The protestors rallied around Myanmar on Tuesday, 100 days after the overthrow of the Generals of the elected government plunged the country into its biggest crisis in decades, to denounce its military leaders.
Protesters participate in protests to escape security forces, motorcyclist convoys, and flash protests. Three-fingering gestures of defiance were made, while anti-coupe groups repeated calls to overturn a junta condemned to kill hundreds of civilians around the world.
Since the seizure of power, on February first, the Junta has struggled to govern Myanmar with protests, strikes and a civil disobedience action that paralyzes enterprises and bureaucrats.
Demonstrators held a flag in Yangon’s largest city, “Yangon strikes to remove the enemy” as demonstrators marched in Hpakant, north Kachin, singing “The revolution must prevail.”
Protestors in Hpakant, Saigang and elsewhere had signs in support of strikes and a coalition of anti-junta members called the National Union Government (NUG), a coalition of legitimate authority in Myanmar.
Hours before a coup the military arrested Aung San Suu Kyi, elected leader, saying that it was intended to protect the country’s emerging democracy after an election in November that it claimed was marred by fraud. That was rejected by Suu Kyi’s party, which won in the riot.
The Junta has shown no sign of compromise, despite the fact that limited economic sanctions were imposed by the USA, the EU and others. It is supported tacitly by neighboring China, a leading investor and a permanent UN Security Council member.

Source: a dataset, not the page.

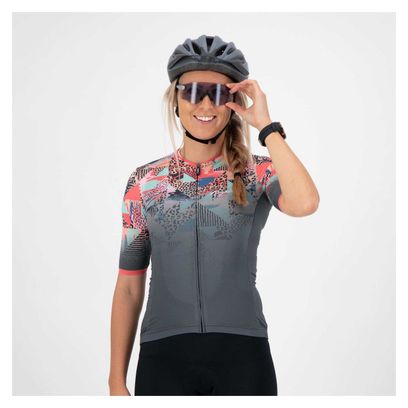 Maillot Manches Courtes Velo Rogelli Animal - Femme - Bleu/Corail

The protests on Tuesday occurred in the midst of sporadic violence, including fatal attacks on military-appointed officials and a week of small blasts involving domestic bombs, which the Junta claims are the work of the ousted government.
The NUG said that many of the unrest were orchestrated by the military to intensify its repression.
News reports and information circulation within Myanmar have been severely affected since the coup with internet access restrictions, the banning of foreign broadcasting and certain news organizations, accused of instigating rebellion by authorities.
According to the monitoring group the Association for Political Prisoners, which is used by the United Nations, killed 781 people since the coup, including52 children, and 3,843 people.
On Tuesday, the UN human rights body said that military efforts to consolidate power were not reluctant.
He said in a statement that violations of human rights went beyond murder, involving homeless raids, forced disappearances, illegal detention and thousands of officials who were dismissed or suspended.
Rupert Colville, UN High Commissioner for Human Rights Spreader stated that “it is clear that there needs to be greater international engagement to prevent the situation of human rights in Myanmar from deteriorating further.